Allianz Global Corporate & Specialty (AGCS) analyzed more than 1,700 cyber claims worth US$770 million involving AGCS and other insurers from 2015 to 2020. Released last week, the report, Managing The Impact of Increasing Interconnectivity: Trends In Cyber Risk, found that losses resulting from external incidents, such as DDoS attacks or phishing and malware/ransomware campaigns, account for the majority of the value of claims analyzed at 85%. This is followed by malicious internal actions (9%), which are infrequent, but can be costly.
Business interruption (BI) is the main cost driver of claims, followed by costs involved with dealing with data breaches. “Inability to access data or services can have a significant impact on revenues, given growing reliance on online sales.”
The report also highlighted a 70%+ increase in the average cost of cybercrime to an organization over five years to US$13 million and a 60%+ increase in the average number of security breaches.
“Losses from incidents such as distributed denial of service (DDoS) attacks or phishing and ransomware campaigns account for a significant majority of the value of cyber claims today,” said Catharina Richter, global head of the Allianz Cyber Center of Competence, which is part of AGCS. “But although cybercrime generates the headlines, everyday systems failures, IT outages and human error incidents can also cause problems for companies, even if their financial impact is not, on average as severe. Employers and employees must work together to raise awareness and increase cyber resilience.”
Accidental internal incidents, such as employee errors while undertaking daily responsibilities, IT or platform outages, systems and software migration problems or loss of data, account for over half of cyber claims analyzed by number (54%).
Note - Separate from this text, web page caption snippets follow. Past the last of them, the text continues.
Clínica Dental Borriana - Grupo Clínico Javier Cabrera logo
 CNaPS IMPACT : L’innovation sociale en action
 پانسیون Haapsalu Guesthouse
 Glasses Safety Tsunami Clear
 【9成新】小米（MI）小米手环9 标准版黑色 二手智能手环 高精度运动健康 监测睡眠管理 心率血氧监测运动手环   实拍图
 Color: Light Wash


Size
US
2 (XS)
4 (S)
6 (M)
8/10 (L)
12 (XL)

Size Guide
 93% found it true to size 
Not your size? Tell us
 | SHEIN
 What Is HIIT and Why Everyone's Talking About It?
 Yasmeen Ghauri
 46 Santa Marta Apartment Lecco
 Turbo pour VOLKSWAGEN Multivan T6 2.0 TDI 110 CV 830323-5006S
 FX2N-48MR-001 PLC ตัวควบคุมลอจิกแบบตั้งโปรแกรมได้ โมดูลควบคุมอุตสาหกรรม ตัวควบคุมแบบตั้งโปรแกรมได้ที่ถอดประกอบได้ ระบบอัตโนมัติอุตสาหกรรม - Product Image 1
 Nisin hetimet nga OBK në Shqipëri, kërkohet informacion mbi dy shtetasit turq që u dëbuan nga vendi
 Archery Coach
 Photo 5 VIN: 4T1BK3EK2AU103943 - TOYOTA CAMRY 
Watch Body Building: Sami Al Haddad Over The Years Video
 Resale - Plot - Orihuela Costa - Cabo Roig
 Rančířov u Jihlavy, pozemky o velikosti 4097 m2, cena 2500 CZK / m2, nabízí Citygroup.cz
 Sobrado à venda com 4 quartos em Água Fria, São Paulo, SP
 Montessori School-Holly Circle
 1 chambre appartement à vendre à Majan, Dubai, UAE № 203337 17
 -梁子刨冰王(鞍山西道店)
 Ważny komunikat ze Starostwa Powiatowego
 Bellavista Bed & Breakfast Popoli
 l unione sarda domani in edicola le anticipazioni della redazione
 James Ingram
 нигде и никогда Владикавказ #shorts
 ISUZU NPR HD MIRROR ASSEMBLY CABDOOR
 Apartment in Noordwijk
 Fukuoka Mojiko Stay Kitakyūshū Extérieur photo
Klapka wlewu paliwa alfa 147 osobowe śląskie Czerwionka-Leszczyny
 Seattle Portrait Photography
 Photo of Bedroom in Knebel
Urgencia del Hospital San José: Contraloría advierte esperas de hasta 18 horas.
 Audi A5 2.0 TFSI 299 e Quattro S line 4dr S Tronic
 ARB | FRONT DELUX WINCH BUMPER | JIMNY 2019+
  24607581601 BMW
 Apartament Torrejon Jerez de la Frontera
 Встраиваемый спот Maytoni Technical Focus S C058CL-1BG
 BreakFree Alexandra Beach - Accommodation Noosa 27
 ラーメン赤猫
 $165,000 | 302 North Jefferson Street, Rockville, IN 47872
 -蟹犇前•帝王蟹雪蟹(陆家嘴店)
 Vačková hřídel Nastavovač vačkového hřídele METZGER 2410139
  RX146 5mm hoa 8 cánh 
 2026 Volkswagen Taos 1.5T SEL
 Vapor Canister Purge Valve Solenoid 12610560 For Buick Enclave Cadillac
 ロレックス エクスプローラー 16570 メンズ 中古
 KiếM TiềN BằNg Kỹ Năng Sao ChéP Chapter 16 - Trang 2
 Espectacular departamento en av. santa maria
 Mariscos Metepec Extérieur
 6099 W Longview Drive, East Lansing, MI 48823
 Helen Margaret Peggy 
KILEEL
While the financial impact of these is limited compared with cybercrime, losses can quickly escalate in the case of more serious incidents, AGCS warned.
The number of cyber insurance claims AGCS has been notified of has steadily increased over the last few years, up from 77 in 2016, when cyber was a relatively new line of insurance, to 809 in 2018. In 2020, AGCS has already seen 770 claims in the first three quarters (This steady increase in claims has been driven, in part, by the growth of the global cyber insurance market, currently estimated by Munich Re to be worth $7 billion).
Other highlights of the survey:
Already high in frequency, ransomware incidents are becoming more damaging, increasingly targeting large companies with sophisticated attacks and hefty extortion demands. There were nearly half a million ransomware incidents reported globally last year, costing organizations at least $6.3 billion in ransom demands alone, AGCS reported.
“The inability to access data for an extended period of time can have a significant impact on revenues — for example, if a company is unable to take orders,” said Joerg Ahrens, global head of long-tail claims at AGCS. “Similarly, if an online platform is unavailable due to a technical glitch or cyber event, it could bring large losses for companies that rely on it, particularly given today’s increasing reliance on online sales or digital supply chains.”
Data privacy regulation, which has recently been tightened in many countries (Canada included) is a key factor driving cost, as is growing third-party liability and the prospect of class action litigation. So-called mega data breaches (involving more than one million records) are more frequent and expensive, now costing $50 million on average, up 20% from 2019.
The increasing involvement of nation states in cyberattacks is a growing concern. Recent years have seen critical infrastructure, such as ports and terminals and oil and gas installations, hit by cyber-attacks and ransomware campaigns.